Furnace Annealing

 

 

The electrical behavior after implantation is dominated by deep-level electrons and hole-traps, which capture carriers and make resistivity high. Annealing is heating the wafer at high temperature for a specific time to repair lattice damage and to move dopant atoms on substitutional sites where they will be electrically active.

 

The success of the annealing is measured in terms of the fraction of the dopant atoms that will become electrically active.

 

Also the aim is to keep shallow implants shallow by minimizing diffusion.

 

Furnace annealing has times on the order of minutes. Annealing depends on dopant type, dose and whether the silicon has been made completely amorphous or if it is partially disordered.

 

For amorphous silicon, regrowth is by solid phase epitaxy. The amorphous/crystalline interface moves towards the surface at a fixed velocity that depends on temperature, doping and crystal orientation. Activation energy for SPE is 2.3 eV indicating that the process involves bond breaking at the interface. Impurities such as B,P, As increase the regrowth because they increase the number of broken bonds.[2]

 

If the silicon is partially amorphous then lattice repair occurs by the generation and diffusion of point defects. This process has an activation energy of about 5eV and requires temperatures on the order of 900°C to remove all defects.

 

Isochronal annealing plots, showing the fraction of activated dopant as a function of temperature for a fixed annealing time can summarize annealing characteristics.[1]

 

           

Fig. 8 Isochronal annealing of boron.
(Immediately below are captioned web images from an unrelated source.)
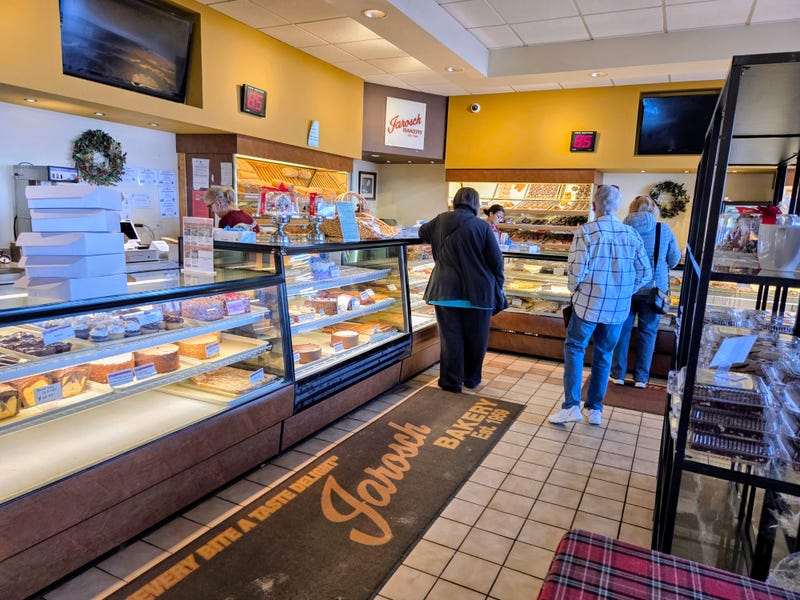 Customers visit Jarosch in last days at original location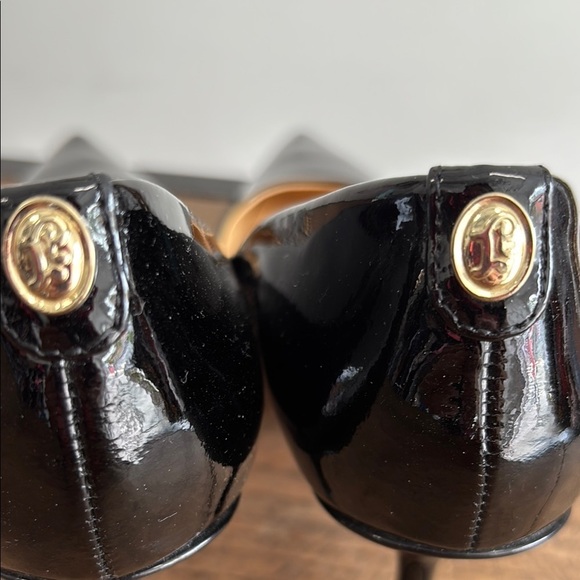 Ivanka Trump Black Heels Classic Pointed-Toe Pumps - Picture 5 of 8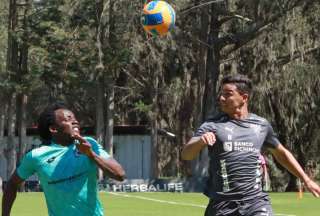 Alexander Alvarado (der.) busca el balón ante Juan Carlos Paredes, en el amistoso en Pomasqui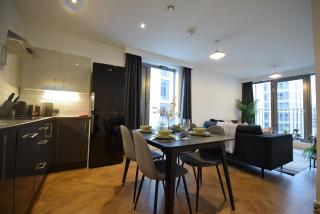 Suite Life 2-Bed 1-Bath in New Cross - Manchester - 0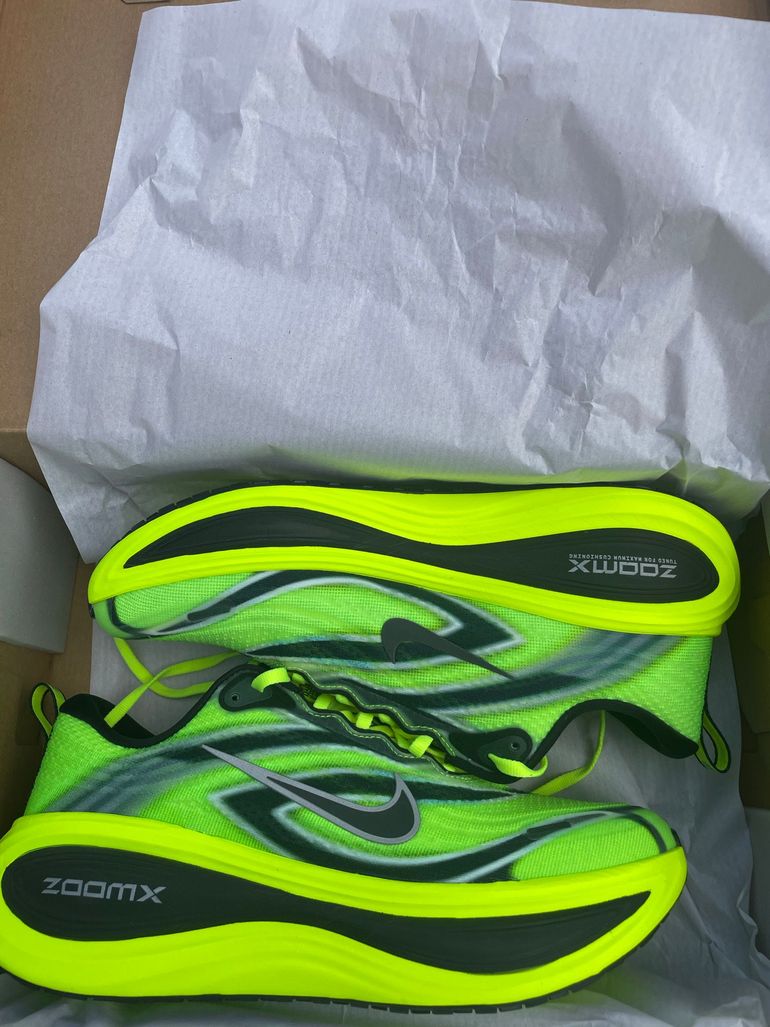 Used Nike vomero plus 2026 bike — image 10 of 10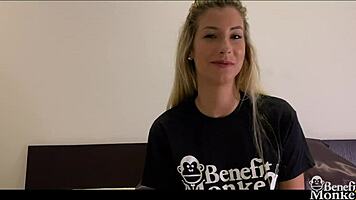 Shona River shares steamy stories before intimate solo play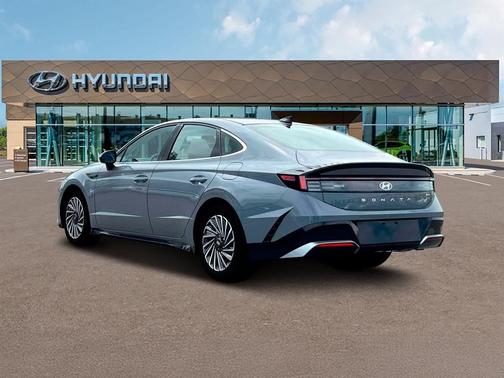 2025 Hyundai SONATA Hybrid SE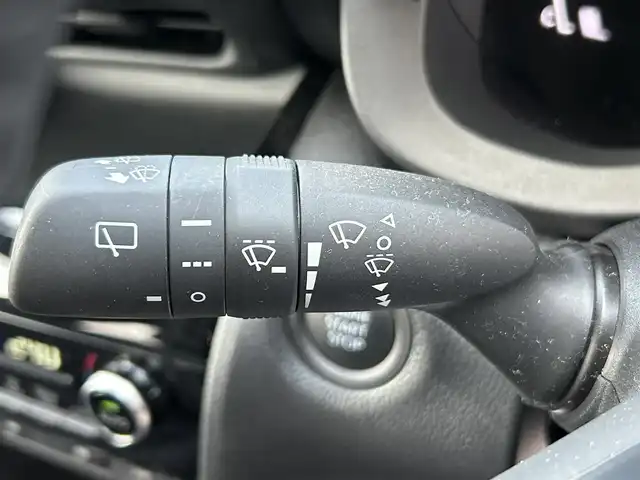 トヨタ ヤリスクロス Z 長崎県 2024(令6)年 0.6万km ブラックマイカ ワンオーナー/純正マルチメディア/（ナビ、フルセグ、AM、FM、BT、Miracast）/ステアリングリモコン/レーダークルーズコントロール/プッシュスタート/テレビキャンセラー/バックカメラ/全周囲カメラ/サイドカメラ/フロントカメラ/レーンディパーチャーアラート/BSM/プリクラッシュセーフティ/クリアランスソナー/RCTA/PKSB/安心降車アシスト/RSA/オートライト/オートハイビーム/ステアリングヒーター/ヘッドライトレベライザー/電動リアゲート/ビルトインETC/電格ウィンカーミラー/ハーフレザーシート/DNシートヒーター/D席パワーシート/電動パーキングブレーキ/オートホールド/前後ドライブレコーダー/ドアバイザー/純正フロアマット/取扱説明書/マルチメディア説明書/保証書/スペアキー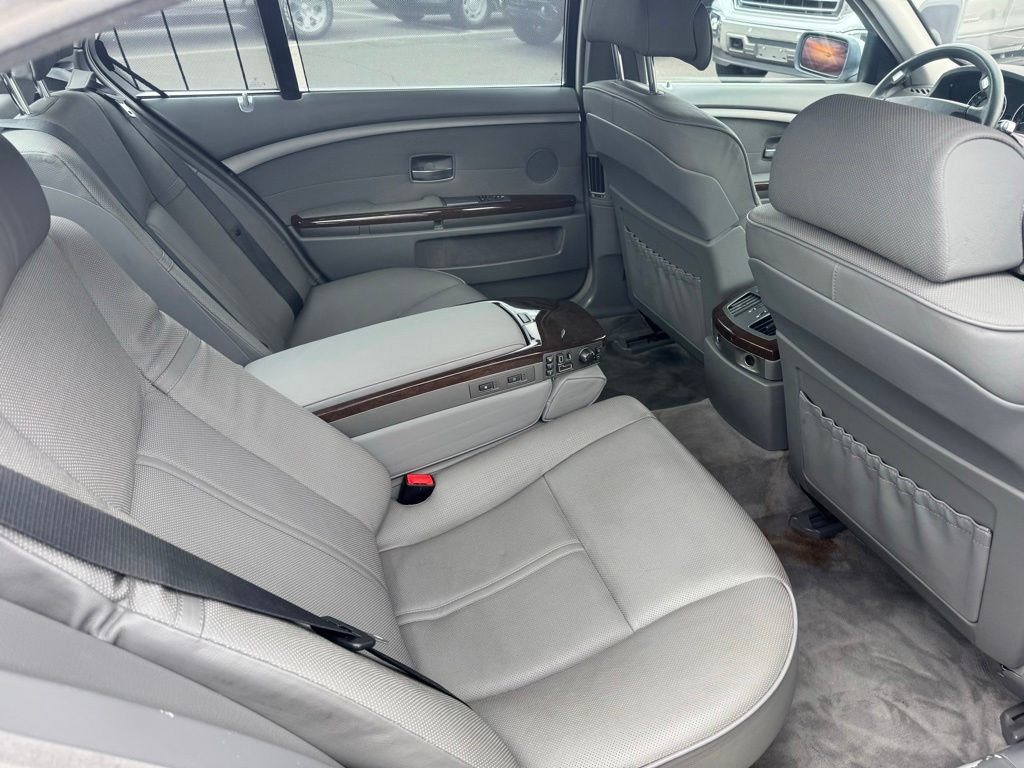 Used 2003 BMW 745Li RWD image 28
The fraction of activated dopant is plotted against anneal temperature for different implant doses.[2]

 

 

Region I

Region II

Region III

Below 500°C point defects dominate free carrier concentration. As temperature increases these defects diffuse and combine. Net carrier concentration increases as many traps anneal out.

Above 500°C extended defects are formed which reduce the number of substitutional boron atoms and cause a net decrease in carrier concentration. This is called Reverse Annealing.

Above 600°C fraction of activated dopant atoms increases as point defect generation and migration allows precipitates and dislocations to dissolve.